Skybuck · February 10, 2015, 12:28am

I have some questions about kernels written for compute 1.x. The compute capability specification mentions only 2 dimensions allowed for “grid of thread blocks”.

The rest of the documentation mentions: “Y or Z dimensions limitations”.

So my question is the following:

Is it possible to launch any mix of X,Y,Z combinations on compute capability 1.x devices ?

So for example:

X=5,Y=6,Z=1 (basically X,Y)
X=1,Y=8,Z=9 (basically Y,Z)
X=10,Y=1,Z=10 (basically X,Z)

Assumption is that the other coordinates must at least be 1.

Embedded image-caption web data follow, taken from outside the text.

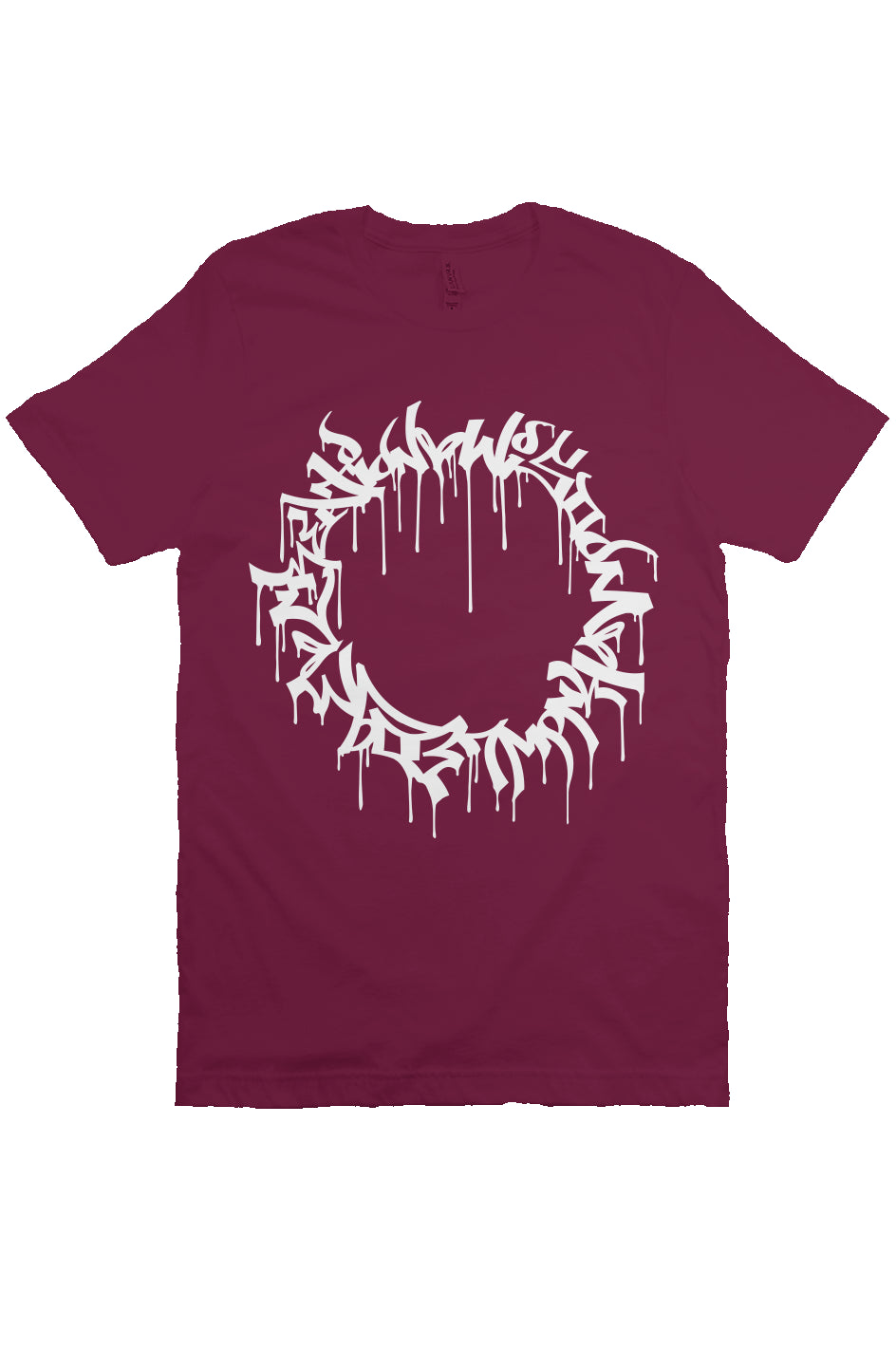 HandStyle T-Shirt | Circle Creation - Maroon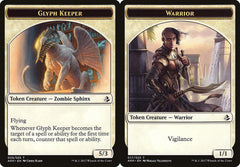Glyph Keeper (005) // Warrior (017) Double-Sided Token
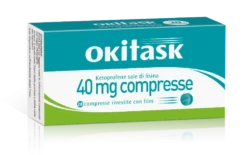 Dompé Okitask 40 mg - Farmaco antinfiammatorio per i dolori di varia natura, 20 compresse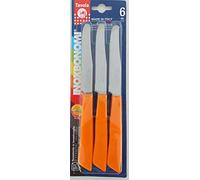 SET 6 COLTELLI DA TAVOLA BONOMI MADE IN ITALY COL. ARANCIO LAMA INOX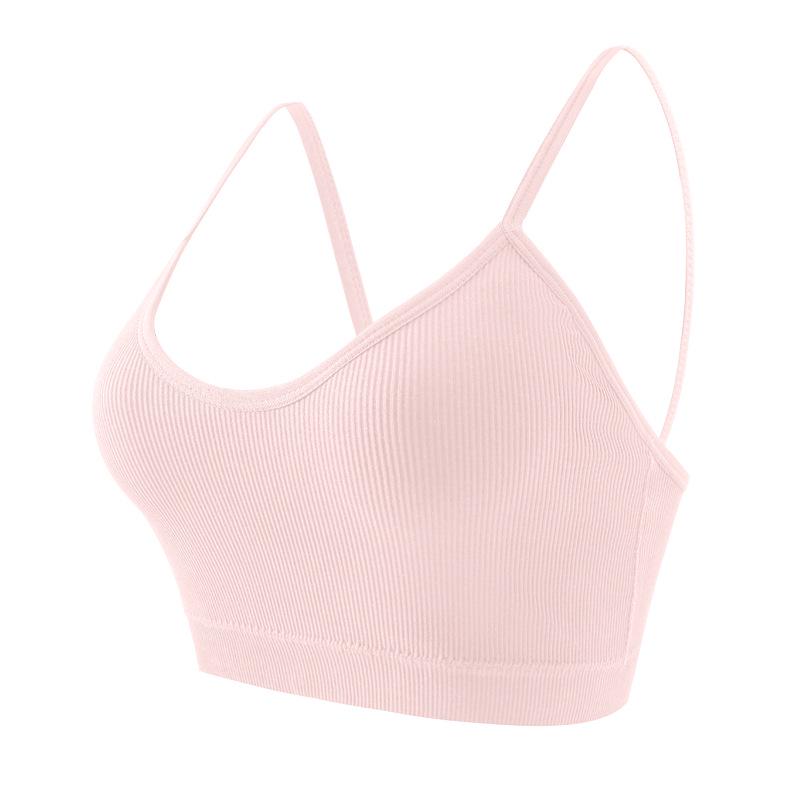 Reggiseno Sportivo Taglie Forti da Donna - Stile Canotta, Design Schiena Bella, Spalline Sottili, Indossabile all'Aperto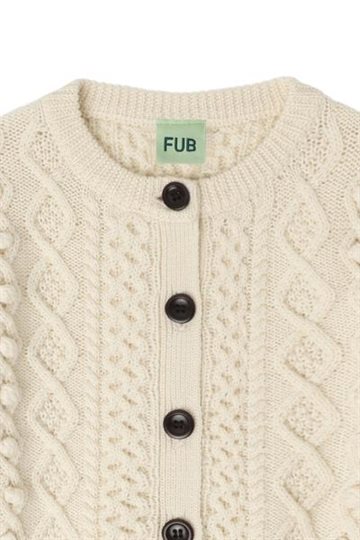 Fub - Aran Cardigan - ecru
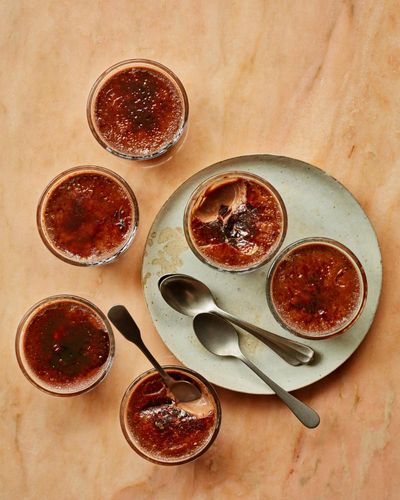 Benjamina Ebuehi’s recipe for smoked salt chocolate creme brulee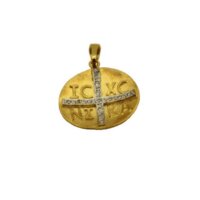 Constantinato Two Sided Jewellery 14K Gold - gk090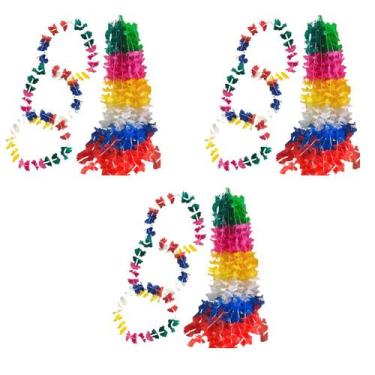 Imagem de Combo 3 Colar Havaiano Carnaval Festa Decoração Eventos - Crgfestas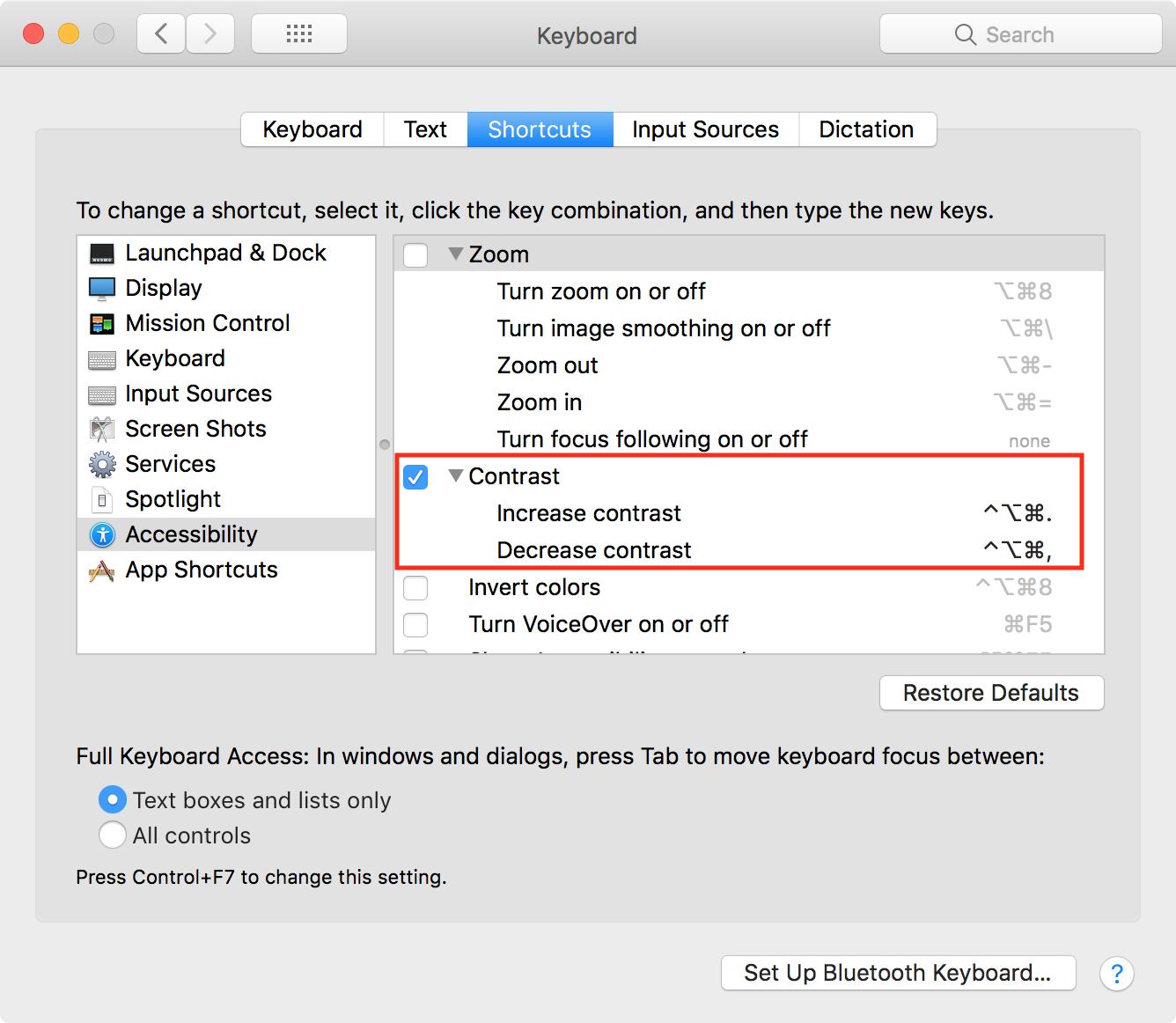 fix for quicken 2017 contrast and color problem for mac computer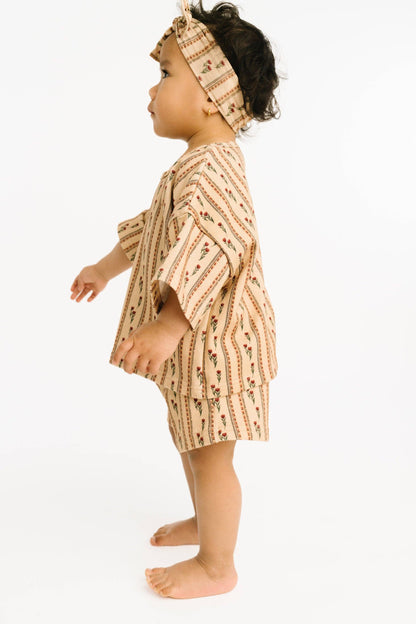 Floral Heirloom Slouchy Set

So the way I interpret the documentation is that compute capability 1.x kernels/devices can only be launched with 2D “grid of threads” launch parameters ??? Is this true ? Or am I miss interpreting the documentation ?

So I interpet the “Y or Z” text as a kind of “switch”. The kernel writter needs to make a choice which dimensions he/she wants to use ? Not all 3 are available, only 2 ?

What about actual kernel code ? Can it only use 2 dimensions ? Would using all 3 dimensions cause a compile fail ?

My questions are mostly related to the cuda driver api and how to launch compute 1.x kernels successfully (and later questions how to perhaps writer those older kernels some day).

Skybuck · February 10, 2015, 12:30am

Also related to how to compute optimal launch parameters for compute 1.x kernels… I am trying to figure out if some dimensions must be skipped.